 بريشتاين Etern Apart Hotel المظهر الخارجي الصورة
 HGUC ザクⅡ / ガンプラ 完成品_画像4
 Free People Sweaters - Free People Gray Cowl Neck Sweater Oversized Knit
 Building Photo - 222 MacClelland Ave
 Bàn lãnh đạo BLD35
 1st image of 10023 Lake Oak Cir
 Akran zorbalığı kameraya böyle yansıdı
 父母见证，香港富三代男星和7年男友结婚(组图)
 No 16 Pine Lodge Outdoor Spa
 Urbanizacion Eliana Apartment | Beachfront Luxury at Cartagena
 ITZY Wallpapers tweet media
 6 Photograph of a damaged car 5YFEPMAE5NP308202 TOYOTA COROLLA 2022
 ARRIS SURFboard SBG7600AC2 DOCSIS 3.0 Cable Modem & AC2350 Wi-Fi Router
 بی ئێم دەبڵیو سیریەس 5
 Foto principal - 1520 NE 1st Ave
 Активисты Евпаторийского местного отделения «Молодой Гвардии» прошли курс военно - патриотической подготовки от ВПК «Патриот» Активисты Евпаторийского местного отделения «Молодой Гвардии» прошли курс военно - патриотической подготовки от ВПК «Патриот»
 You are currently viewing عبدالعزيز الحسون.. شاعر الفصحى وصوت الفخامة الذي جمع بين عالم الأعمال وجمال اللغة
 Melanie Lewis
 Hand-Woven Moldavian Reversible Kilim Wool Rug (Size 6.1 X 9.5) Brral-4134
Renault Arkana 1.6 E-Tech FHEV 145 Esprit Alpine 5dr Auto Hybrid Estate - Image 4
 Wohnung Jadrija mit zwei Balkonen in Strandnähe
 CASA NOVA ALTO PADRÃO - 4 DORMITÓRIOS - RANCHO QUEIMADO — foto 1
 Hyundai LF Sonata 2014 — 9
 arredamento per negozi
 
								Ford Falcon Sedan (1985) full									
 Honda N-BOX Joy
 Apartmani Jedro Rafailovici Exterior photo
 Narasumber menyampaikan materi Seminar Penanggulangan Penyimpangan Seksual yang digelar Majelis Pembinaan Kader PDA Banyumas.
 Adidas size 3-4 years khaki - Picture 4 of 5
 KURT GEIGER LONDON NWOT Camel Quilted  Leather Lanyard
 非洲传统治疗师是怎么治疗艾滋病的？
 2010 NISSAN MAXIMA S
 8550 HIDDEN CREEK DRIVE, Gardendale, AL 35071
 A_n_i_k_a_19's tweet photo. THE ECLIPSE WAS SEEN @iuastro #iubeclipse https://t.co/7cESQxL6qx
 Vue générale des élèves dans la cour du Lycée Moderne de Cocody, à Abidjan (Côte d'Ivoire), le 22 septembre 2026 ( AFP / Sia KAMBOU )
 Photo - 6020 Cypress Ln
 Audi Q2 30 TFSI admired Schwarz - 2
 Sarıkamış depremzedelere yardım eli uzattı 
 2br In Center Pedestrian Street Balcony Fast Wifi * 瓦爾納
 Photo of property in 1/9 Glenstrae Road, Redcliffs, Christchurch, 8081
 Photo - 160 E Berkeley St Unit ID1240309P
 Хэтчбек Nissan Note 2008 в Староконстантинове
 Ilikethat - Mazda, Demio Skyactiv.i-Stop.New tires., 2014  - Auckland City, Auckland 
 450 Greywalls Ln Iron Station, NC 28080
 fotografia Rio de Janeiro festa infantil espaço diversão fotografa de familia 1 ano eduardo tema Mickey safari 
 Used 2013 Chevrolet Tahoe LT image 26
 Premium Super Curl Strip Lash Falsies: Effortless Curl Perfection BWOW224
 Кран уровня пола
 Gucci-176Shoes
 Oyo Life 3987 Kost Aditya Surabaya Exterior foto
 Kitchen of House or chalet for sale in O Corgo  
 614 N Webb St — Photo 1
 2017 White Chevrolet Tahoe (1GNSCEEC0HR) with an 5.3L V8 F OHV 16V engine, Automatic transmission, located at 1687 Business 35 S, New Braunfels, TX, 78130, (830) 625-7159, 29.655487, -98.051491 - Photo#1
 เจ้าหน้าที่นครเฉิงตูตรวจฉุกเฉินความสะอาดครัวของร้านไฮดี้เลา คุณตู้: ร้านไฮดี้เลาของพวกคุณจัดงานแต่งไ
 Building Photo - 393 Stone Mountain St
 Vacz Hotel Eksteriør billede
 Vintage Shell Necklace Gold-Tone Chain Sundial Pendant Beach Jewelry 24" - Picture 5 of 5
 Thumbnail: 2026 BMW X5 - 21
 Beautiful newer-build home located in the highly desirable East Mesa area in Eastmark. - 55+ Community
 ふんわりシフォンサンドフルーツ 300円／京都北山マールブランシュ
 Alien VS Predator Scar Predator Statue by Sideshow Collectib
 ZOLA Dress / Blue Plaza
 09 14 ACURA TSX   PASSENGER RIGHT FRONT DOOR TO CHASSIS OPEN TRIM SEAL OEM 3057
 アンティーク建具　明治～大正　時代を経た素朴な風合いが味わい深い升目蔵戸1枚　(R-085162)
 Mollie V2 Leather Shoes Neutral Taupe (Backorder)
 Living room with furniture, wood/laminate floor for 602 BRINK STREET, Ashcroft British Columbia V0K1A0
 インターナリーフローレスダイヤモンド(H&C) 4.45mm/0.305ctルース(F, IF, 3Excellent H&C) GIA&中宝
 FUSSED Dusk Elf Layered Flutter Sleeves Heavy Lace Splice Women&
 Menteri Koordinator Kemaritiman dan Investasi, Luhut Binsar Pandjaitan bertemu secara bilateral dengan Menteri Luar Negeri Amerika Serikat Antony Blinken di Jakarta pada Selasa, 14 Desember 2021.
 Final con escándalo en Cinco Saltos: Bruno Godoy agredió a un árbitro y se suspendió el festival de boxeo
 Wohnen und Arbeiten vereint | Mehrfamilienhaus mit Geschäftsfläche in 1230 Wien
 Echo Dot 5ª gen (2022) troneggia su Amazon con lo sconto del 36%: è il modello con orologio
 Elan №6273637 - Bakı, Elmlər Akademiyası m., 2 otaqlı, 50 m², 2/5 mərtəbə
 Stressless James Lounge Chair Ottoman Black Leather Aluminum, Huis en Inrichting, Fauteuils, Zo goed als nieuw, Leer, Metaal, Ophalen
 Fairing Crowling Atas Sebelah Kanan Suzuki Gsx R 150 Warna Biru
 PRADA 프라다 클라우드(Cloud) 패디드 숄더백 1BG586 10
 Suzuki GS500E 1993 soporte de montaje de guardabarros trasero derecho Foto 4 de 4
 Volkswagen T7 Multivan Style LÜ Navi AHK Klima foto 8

- _TO DO_
What lines in the material above include "Tahoe"? Copy every one of them.

- _THE ANSWER_
 Used 2013 Chevrolet Tahoe LT image 26
 2017 White Chevrolet Tahoe (1GNSCEEC0HR) with an 5.3L V8 F OHV 16V engine, Automatic transmission, located at 1687 Business 35 S, New Braunfels, TX, 78130, (830) 625-7159, 29.655487, -98.051491 - Photo#1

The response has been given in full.